3. No dead-giveaways, like "sterile," non-oxidized areas around the numbers or brown spots on the crystal. (An insufficient but necessary condition for ruling out radium).

Basically, the dial behaves exactly like the non-radioactive glow-in-the-dark stuff that they put in vampire teeth for Halloween costumes. That said, I'm concerned because the clock looks to have been made before 1950 and it does glow in the dark.

My reasoning is that any radium in the dial when it was made is still there now (the half-life is something like 1400 years). Thus, if it was a radium dial in 1940 or whenever, it's still just as much a radium dial today, and if a radium dial doesn't glow in the dark of its own accord, then it's because the zinc-sulfide paint has deteriorated. My dial glows in the dark when a light is shined on it, a property of zinc-sulfide, so it probably contains some zinc-sulfide. The question is, _can the zinc-sulfide in a radium dial deteriorate to such a level that, while it still glows from being exposed to a very bright light, it does not spontaneously glow from the radium?_ If the answer is yes, then I may be in trouble; but if the answer is no, then I'm probably safe.

I've attached a picture of it, by the way; it's a Seth Thomas Echo 3E. I could be creating a false dichotomy here, and I won't know for sure until I've measured it. But do you guys have any thoughts? Does anyone else own one of these and know about its dial? Thanks for your help.


----------



## Janne

That isa very, very nice Art Deco design.

I would expect it had Radium in the Luminous numbers.
The answer to your question is YES.


----------



## StufflerMike

Mine does not glow any more either. Don't knwo what the lume compound is made of. If radium it would do no harm (ARPANSA - Radium Paint in Wrist Watches)


----------



## Bfisher

Buy a cheap dosimeter... there is plenty on the bay. That's the only way to be sure... btw my old clock had radium and it don't glows in the dark.


----------



## EPS

Janne, thanks, it looks even better since I wiped the crystal and rubbed some pledge on it, although now I'm wishing I'd stuck with just the pledge.
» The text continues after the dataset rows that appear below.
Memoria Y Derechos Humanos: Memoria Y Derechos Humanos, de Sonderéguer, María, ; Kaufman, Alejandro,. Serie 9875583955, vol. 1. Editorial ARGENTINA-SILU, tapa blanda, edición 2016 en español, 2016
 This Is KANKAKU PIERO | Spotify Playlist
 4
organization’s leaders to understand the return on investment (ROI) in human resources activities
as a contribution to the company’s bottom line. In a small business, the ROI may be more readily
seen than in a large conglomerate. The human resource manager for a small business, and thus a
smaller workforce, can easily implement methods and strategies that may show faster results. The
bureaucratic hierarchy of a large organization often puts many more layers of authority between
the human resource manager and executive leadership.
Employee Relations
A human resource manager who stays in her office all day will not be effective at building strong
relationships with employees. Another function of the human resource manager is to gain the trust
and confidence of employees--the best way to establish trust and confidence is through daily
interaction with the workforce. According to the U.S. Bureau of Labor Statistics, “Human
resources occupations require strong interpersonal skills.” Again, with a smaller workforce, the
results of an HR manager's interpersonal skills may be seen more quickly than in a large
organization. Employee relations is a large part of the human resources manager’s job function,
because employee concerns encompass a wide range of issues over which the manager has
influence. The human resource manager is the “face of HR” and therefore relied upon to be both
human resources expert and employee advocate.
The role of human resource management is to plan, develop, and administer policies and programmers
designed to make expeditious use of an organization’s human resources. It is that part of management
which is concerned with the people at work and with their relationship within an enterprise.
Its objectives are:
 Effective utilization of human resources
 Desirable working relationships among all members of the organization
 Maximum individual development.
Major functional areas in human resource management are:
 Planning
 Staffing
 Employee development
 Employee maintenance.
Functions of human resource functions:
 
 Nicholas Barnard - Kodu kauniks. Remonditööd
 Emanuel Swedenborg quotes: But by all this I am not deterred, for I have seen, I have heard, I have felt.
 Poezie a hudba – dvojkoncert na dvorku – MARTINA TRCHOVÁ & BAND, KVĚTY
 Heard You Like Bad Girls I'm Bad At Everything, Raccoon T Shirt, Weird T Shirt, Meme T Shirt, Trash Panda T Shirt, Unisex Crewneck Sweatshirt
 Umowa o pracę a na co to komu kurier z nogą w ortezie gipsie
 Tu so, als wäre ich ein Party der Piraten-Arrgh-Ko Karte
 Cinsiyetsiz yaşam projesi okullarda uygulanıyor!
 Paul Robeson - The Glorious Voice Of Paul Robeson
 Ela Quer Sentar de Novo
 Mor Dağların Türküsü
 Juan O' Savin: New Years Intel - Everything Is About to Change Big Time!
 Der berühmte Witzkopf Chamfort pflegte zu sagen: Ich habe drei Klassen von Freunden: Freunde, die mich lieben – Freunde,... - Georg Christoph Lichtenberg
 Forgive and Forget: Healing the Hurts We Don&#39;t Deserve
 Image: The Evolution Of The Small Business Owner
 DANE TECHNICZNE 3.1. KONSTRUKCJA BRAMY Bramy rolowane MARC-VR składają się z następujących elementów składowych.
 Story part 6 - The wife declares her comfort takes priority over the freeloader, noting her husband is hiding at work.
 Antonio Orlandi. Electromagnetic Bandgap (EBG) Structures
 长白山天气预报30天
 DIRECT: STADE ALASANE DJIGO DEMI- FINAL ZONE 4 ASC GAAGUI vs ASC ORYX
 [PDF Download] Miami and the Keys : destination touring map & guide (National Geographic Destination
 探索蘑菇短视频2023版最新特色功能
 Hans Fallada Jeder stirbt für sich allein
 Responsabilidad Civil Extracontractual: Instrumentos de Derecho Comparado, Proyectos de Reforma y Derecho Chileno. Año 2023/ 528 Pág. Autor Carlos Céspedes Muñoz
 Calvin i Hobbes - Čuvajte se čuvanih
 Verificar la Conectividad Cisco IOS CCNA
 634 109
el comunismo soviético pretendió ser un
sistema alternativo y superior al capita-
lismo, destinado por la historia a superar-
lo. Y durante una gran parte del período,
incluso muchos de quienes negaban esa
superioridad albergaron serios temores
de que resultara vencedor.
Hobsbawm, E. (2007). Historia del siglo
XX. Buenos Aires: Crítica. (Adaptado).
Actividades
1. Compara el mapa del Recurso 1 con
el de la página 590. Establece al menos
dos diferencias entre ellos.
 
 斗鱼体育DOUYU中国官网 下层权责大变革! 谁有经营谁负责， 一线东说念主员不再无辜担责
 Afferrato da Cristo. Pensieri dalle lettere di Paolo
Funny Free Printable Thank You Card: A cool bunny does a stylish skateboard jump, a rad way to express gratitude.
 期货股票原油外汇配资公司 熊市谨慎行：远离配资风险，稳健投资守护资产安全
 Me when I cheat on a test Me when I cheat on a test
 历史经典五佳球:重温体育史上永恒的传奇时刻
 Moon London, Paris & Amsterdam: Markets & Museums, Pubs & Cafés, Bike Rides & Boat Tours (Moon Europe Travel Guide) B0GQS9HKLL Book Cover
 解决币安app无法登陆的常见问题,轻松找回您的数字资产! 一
The problem is that it doesn't glow by itself, but it does glow if one holds it up to a light source. I just don't know if there could be enough zinc-sulfide to glow from exposure to light but not enough to glow from the radium alone. I agree that the only way to be sure will be a radiation detector, but I'm curious to see if this rough reckoning works. People always say that, if it's from pre 1950 and it glows in the dark _even without exposure to light_, it's almost surely radium. But is it correct to say that, if it's from pre 1950 and it _does not _glow in the dark _without exposure to light_ but _does_ glow _with exposure to light_, it probably has no radium?

Thanks for the replies, and I do like the clock Mike posted. I'd be curious to hear some more opinions, and I'll post what I find out from the Physics Department.


----------



## Janne

My 1944 Laco B-uhr has Radium lume. It behaves exactly the same way as your clock.
Just do not worry, it is virtually harmless.
If you do not want to keep your clock, sell it.


----------



## mrsnak

Shouldn't this be in the vintage forum? Radium hasn't been used in watches in decades.
I guess clocks are good.

Here's a good recent thread of radium:

https://www.watchuseek.com/f11/how-dangerous-501090.html


----------



## EPS

I just checked with one of the professors. The Geiger counter registered .3 millirems/hr at one inch from the dial. This is equivalent to .003 mSv (millisieverts) per hour. At a distance of 10 inches from the dial, the dosage would be 100 times less, equivalent to about .00003 mSv/hr. This is, as far as I can tell, equivalent to the natural background radiation of .00003 mSv/hr that we incur merely from background cosmic radiation. Thus, assuming that one spends 1/3 of one's time 10 inches away from the clock in bed, using one of these alarm clocks would cause one to incur an average of .00001 mSv/hr annually more than one otherwise would. This seems much less significant than deciding to move from the coastal plains to the Rocky Mountains (which would increase your annual exposure by at least .00004 mSv/hr), so I'm not particularly worried about the radiation from the dial. Now I just need to figure out if the dust or radon gas is a significant concern. Thanks for all of your help.


----------



## Mechmovt

Hi All,

This is a VERY late reply, but I was wondering if anything happened in regards to your health?

I have just worked on a radium watch without realising, and I have blown out some of the parts, and serviced the rest of the watch. As soon as I realised it was Radium, I put the parts in a box, and cleaned the case and dial with windex and toilet paper, wearing gloves. I thought it would be best to clean it with something wet as to avoid particles going everywhere else. I then used a UV light to find any flakes on my desk, and I cleaned them away too.

Cheers.


----------



## ScienceDude

.003 mSv/hr is 3 µSv/hr. At that dose rate, you get a whole year's worth of dental x-rays every single day. Take a look at this entertaining and informative lecture, geared to laypersons. It is by Dr Richard Muller, a Berkeley physics professor. Right away, he addresses radium watches. His opinion is not to keep it as an interesting artifact, but not to wear it. Additionally, it is important to realize that disturbing the paint in any way is very hazardous because you might accidentally ingest, inhale or embed the material in your body. Its a small danger, but it is definitely a danger. Physics 10 - Lecture 05: Radioactivity - YouTube


----------



## tatooist77

Great info, thank you experts


----------